The Jazz have some pieces you can start to build around — Trey Burke, Derrick Favors, Gordon Hayward, Enes Kanter, plus whoever they land with the No. 5 pick in this draft — but you need a coach who can develop them, help them grow into a team. (They also need one superstar player to lead that group, but that’s a different challenge.)

Quin Snyder and Jazz GM Dennis Lindsey have player development in their background together — Lindsey was in the Spurs front office while Snyder coached their affiliated D-League team the Austin Toros.
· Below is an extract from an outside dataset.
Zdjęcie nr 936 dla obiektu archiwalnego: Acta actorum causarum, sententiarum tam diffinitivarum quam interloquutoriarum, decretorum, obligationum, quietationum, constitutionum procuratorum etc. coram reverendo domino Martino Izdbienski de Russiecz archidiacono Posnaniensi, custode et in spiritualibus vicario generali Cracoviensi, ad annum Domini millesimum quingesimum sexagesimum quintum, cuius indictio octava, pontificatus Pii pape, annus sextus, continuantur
Out of that grew what could work in Utah, something they talked about at their introductory press conference, as reported by the Associated Press.

“We decided with Austin that we would focus of development rather than winning, but what happened is that we developed players and helped the highest number of players matriculate to the NBA during that stretch. We also won a lot of games at the same time,” Lindsey said.

There were some fans who saw the Snyder hire and thought “that guy from Missouri” but he has had an interesting career development arc since then.

“There was a point in my career when I left Missouri when I just wasn’t sure I wanted to continue coaching,” Snyder said. “I had to rediscover my passion for the game over the next few years and I was so fortunate to work with an amazing caliber of coaches…

“I’ve had a chance to work with some of the best minds in basketball,” Snyder said. “It’s humbling to think how I’ve been able to be around those people like Coach K, Coach Pop, R.C. Buford. Through those opportunities, you know what you don’t know. But I’d like to think I took advantage of it.”

He ended up in Atlanta last season with Mike Budenholzer, Popovich’s former lead assistant. He also worked with Doug Collins a couple years ago.

He’s getting a shot in Utah, where there should not be expectations of the playoffs next season (not in the West, anyway). It’s a process. It’s about developing something that can win long term.

“Trust is something that’s earned,” said Snyder…. “It takes time but with players, they always respond when you give yourself to them and help them get better. They then give back to you. Those relationships are what drive player development.”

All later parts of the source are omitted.